INFORMATION SUPPLIED —
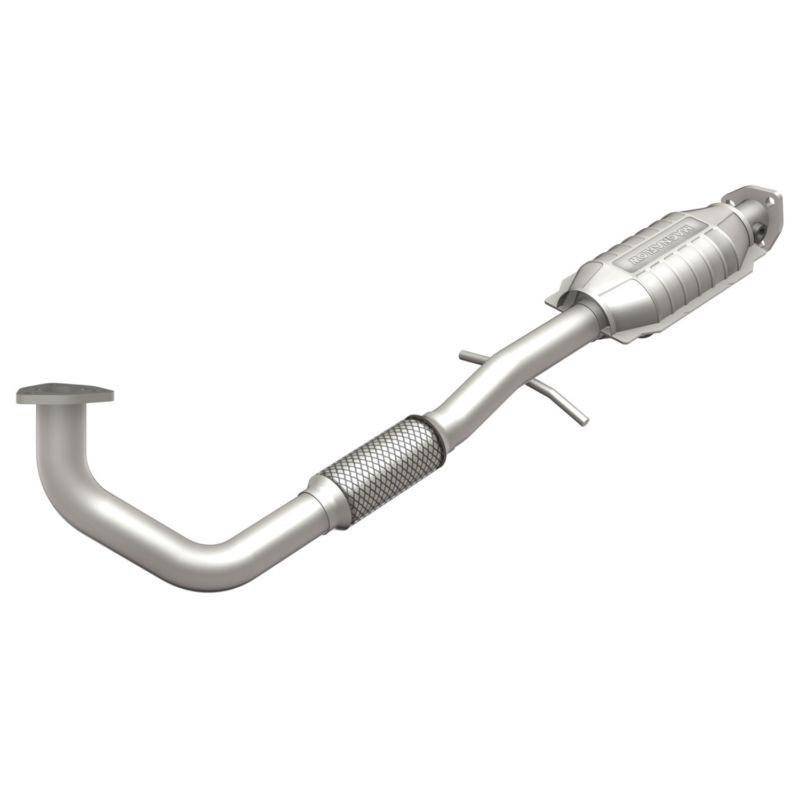 Find MagnaFlow 49 State Converter 24411 Direct Fit Catalytic Converter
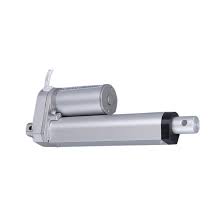 Electric Linear Actuator 100mm Stroke 1000N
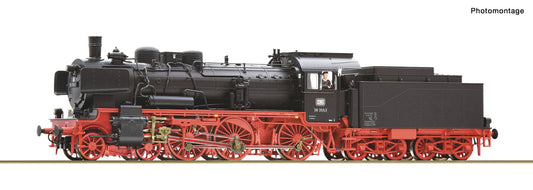 Roco DB BR38 3553 Steam Locomotive III (~AC-Sound) RC79388 HO Gauge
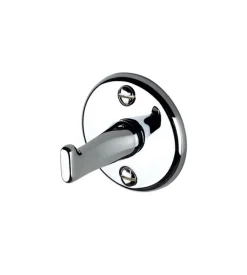 Idro-Bric Accessori Bagno-Gancio cromo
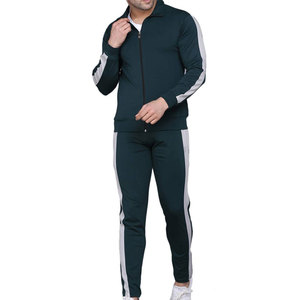 Nuevo Estilo, Diseño Personalizado, Chándal Deportivo, Ropa Deportiva Transpirable, Chándal Deportivo de Última Moda para Venta en Línea - Product Image 1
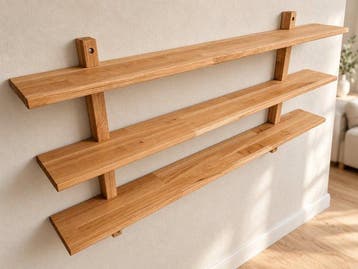 NordHandverk - NordHandverk Studio - Wandrek - SILTA S3 -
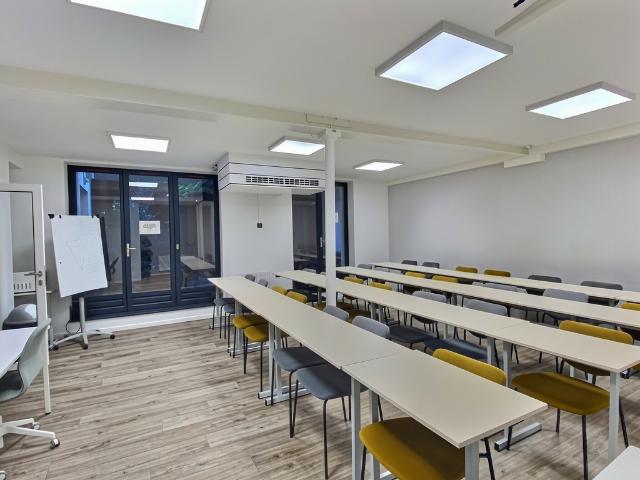 Bureau vente à Paris, Île-de-France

ASSIGNED TASK — Without including any picture, print all of the entries above exactly.

TASK OUTPUT —
 Find MagnaFlow 49 State Converter 24411 Direct Fit Catalytic Converter
 Electric Linear Actuator 100mm Stroke 1000N
 Roco DB BR38 3553 Steam Locomotive III (~AC-Sound) RC79388 HO Gauge
 Idro-Bric Accessori Bagno-Gancio cromo
 Nuevo Estilo, Diseño Personalizado, Chándal Deportivo, Ropa Deportiva Transpirable, Chándal Deportivo de Última Moda para Venta en Línea - Product Image 1
 NordHandverk - NordHandverk Studio - Wandrek - SILTA S3 -
 Bureau vente à Paris, Île-de-France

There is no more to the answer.